Saturday, May 25, 2024

Every Man and Woman is a Star


 

Was the title – Every Man And Woman Is A Star – a conscious nod to Aleister Crowley?


Yes. I think we liked the idea of the all-inclusive slightly hippyish sound of it, but it coming from quite a dark, esoteric source.“

from a Interview with Paul Hammond on Ban Ban Ton Ton


„We would like to dedicate this album to Dewey, whose spirit pervaded the sessions and who will be fondly remembered by us all for his kindness and his wisdom. It was on a late summer evening at Dewey and Cassie's place in Sweetleaf County, Arkansas, that the seeds of these songs were sown.

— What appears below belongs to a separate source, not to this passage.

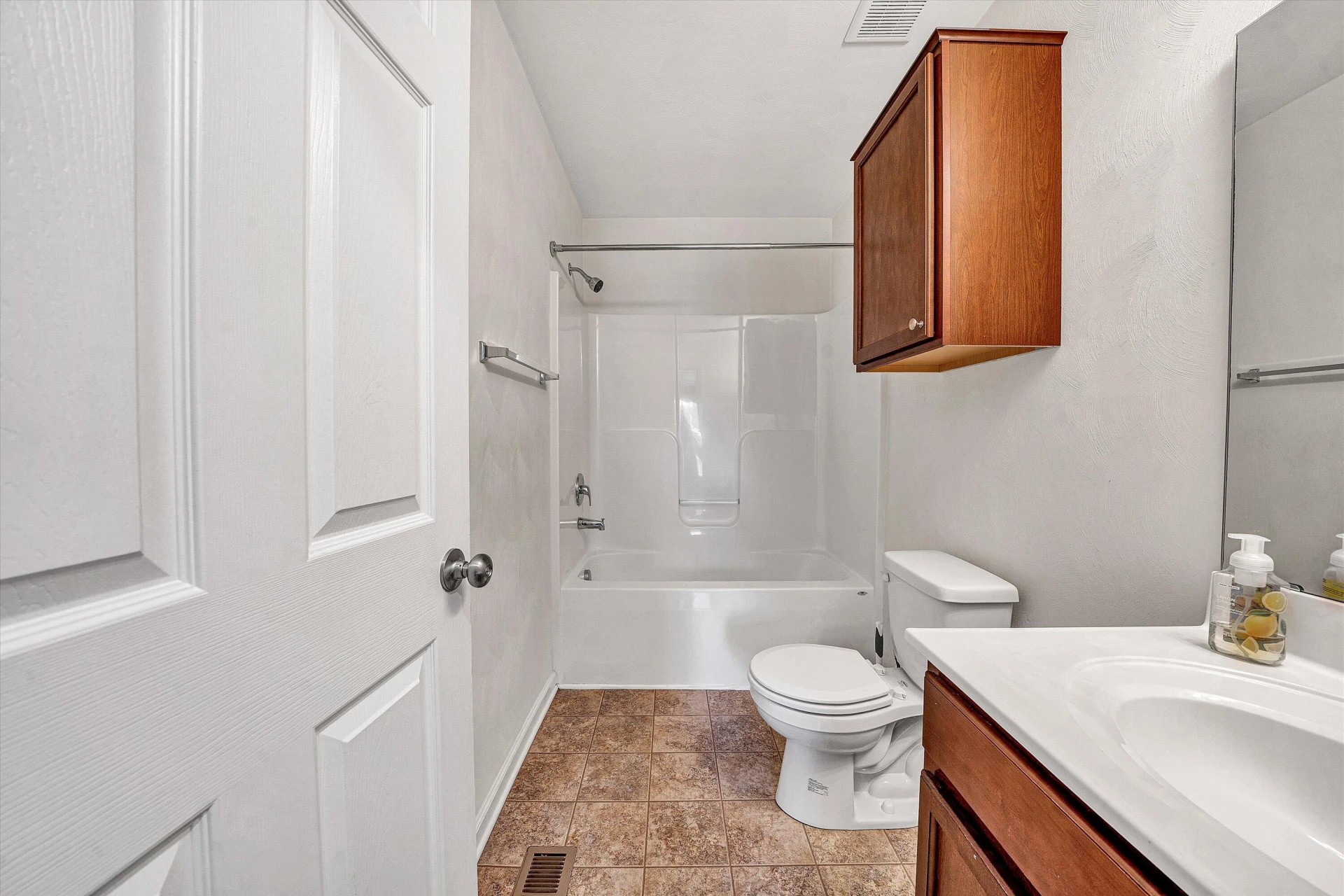 555 Old Fort RD - Photo 13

With a belly full of Cassie's hog-roast and a head full of Dewey's moonshine, talk turned to music. Dewey said "There is music for the body and there is music for the mind. Music for the body picks you off the floor and hurls you into physical activity. Music for the mind floats you gently downstream, through pleasurable twists and turns, ups and downs, rapids and calm waters...

And sometimes there is music for the body and for the mind."

After a few more bottles and some fine bearclaw, we made our way up to the ridge to take in the night air. Looking up at the sky, Dewey said, with a tear in his eye and way too much booze inside him, "Every man and woman is a star." His comment passed us by at the time, but these words stayed with us and gradually became our focal point during work on this album.“

- from the inlay cover of Every Man and Woman is a Star - 




Who can say why and why one was interested in this or that thing in one's life? Why you read this book, or another one, or whether you read books at all, or whether you liked music and what kind. You are certainly influenced by your parents and friends and were dependent on their understanding of culture before you discovered and followed your own path. It's difficult for me to attribute my interest in this or that music, or my preference for certain authors and films, to these influences. There must always have been something of its own there that emerged at some point and found its way. For me it was electronic pop music, OMD, Heaven 17, Depeche Mode, New Order & Cabaret Voltaire, later acid house, ambient & dub and everything else developed from that. The music itself was my biggest influence, and the radio DJs who shared the music with us. I owe more to John Peel or Monika Dietl than to any living person around me. And I'm glad it's this music & not death metal or classical music from the 18th century. Fans of this music will probably think the same as me.


In 1992, a friend and I were sitting in our sparsely furnished apartments, each our first apartment after moving out of our parents' homes, and listening to the album by a band called Ultramarine - which had become our attention through reviews in magazines - “Every Man and Woman is a Star.” We both grew up with the pop of the 80s, but while my friend, after an initial interest in house music and techno, including visits to the relevant clubs (Tresor etc.), increasingly felt drawn to Prince and Eros Ramazotti, I kept going the electronic route. Calexico, Tindersticks and so many other things came much later. And the realization that all this music found space inside me.

“Every Man and Woman is a Star” was an album that we both agreed on pretty quickly. I don't know how this friend feels about this music today. This album has never left me. An incredibly enjoyable album that contains everything I like.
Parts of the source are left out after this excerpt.